= Shrink-fitting =

Form of fastening

Shrink-fitting is a technique in which an interference fit is achieved by a relative size change after assembly. This is usually achieved by heating or cooling one component before assembly and allowing it to return to the ambient temperature after assembly, employing the phenomenon of thermal expansion to make a joint. For example, the thermal expansion of a piece of a metallic drainpipe allows a builder to fit the cooler piece to it. As the adjoined pieces reach the same temperature, the joint becomes strained and stronger.

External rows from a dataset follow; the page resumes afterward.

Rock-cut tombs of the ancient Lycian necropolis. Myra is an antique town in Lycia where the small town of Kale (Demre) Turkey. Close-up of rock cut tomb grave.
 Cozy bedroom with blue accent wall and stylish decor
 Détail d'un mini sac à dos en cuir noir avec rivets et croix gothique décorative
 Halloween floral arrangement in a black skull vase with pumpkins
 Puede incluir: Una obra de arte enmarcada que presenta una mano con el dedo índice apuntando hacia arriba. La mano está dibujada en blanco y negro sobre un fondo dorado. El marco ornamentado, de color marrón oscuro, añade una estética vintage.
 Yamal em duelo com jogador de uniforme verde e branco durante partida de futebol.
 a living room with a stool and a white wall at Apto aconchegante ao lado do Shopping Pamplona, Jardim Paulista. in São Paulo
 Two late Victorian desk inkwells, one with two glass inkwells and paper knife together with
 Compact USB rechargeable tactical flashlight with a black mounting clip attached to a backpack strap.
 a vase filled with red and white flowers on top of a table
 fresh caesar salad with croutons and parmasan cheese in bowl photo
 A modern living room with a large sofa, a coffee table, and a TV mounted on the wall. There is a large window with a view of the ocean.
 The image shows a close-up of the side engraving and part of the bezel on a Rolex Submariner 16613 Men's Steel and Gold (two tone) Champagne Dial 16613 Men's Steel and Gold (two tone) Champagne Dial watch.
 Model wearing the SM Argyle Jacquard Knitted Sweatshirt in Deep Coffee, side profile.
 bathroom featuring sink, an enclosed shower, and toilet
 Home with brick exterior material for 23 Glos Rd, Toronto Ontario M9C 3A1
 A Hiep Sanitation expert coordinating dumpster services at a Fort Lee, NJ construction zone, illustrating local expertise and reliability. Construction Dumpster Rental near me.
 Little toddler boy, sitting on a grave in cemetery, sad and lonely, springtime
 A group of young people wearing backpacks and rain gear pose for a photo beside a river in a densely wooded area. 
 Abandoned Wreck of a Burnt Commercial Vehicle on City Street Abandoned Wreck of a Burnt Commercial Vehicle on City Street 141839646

Other examples are the fitting of a wrought iron tyre around the rim of a wooden cart wheel by a wheelwright, or of a steel tyre to the wheel of a railway engine or rolling stock. In both cases the tyre will be heated and expands to slightly greater than the wheel's diameter, and is fitted around it. After cooling, the tyre contracts, binding tightly in place. The bombard Mons Meg was assembled from longitudinal staves of iron held in place by shrink-fitted iron hoops.

A common method used in industry is the use of induction shrink fitting which refers to the use of induction heating technology to pre-heat metal components between 150˚C and 300˚C thereby causing them to expand and allow for the insertion or removal of another component. Other methods of shrink-fitting include compression shrink fitting, which uses a cryogen such as liquid nitrogen to cool the insert, and shape memory coupling, which is achieved by means of a phase transition.